- _Requirement_: Copy out the whole listing exactly as written, leaving the pictures behind.

- _Provided material_:
****************

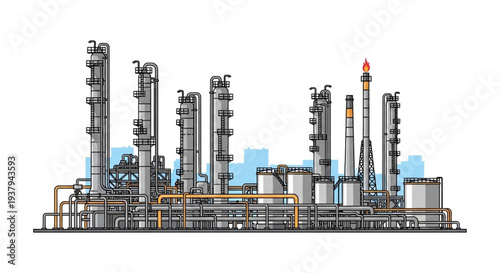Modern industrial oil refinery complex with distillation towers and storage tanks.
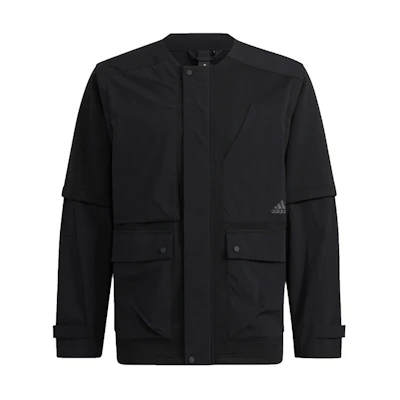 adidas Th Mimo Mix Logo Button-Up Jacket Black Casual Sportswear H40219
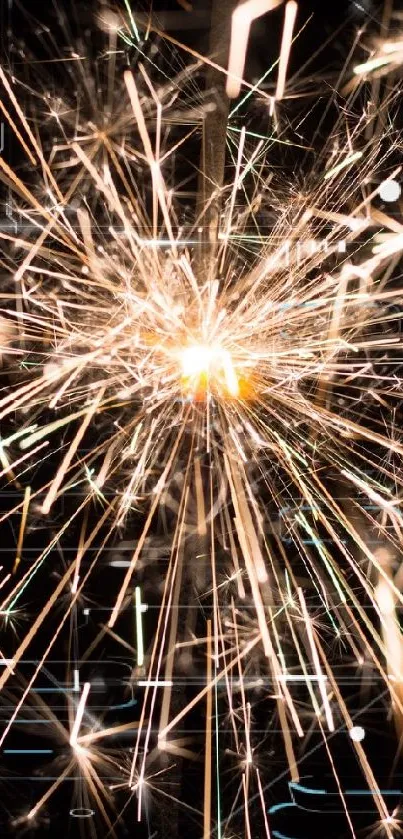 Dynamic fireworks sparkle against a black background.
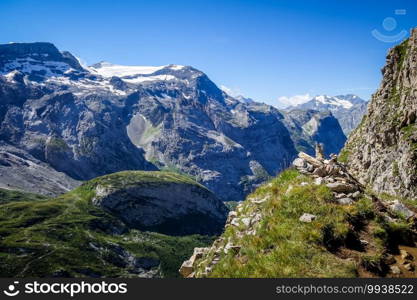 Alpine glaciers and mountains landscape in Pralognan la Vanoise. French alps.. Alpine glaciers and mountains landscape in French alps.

****************

- _Solution to this problem_:
Modern industrial oil refinery complex with distillation towers and storage tanks.
 adidas Th Mimo Mix Logo Button-Up Jacket Black Casual Sportswear H40219
 Dynamic fireworks sparkle against a black background.
 Alpine glaciers and mountains landscape in Pralognan la Vanoise. French alps.. Alpine glaciers and mountains landscape in French alps.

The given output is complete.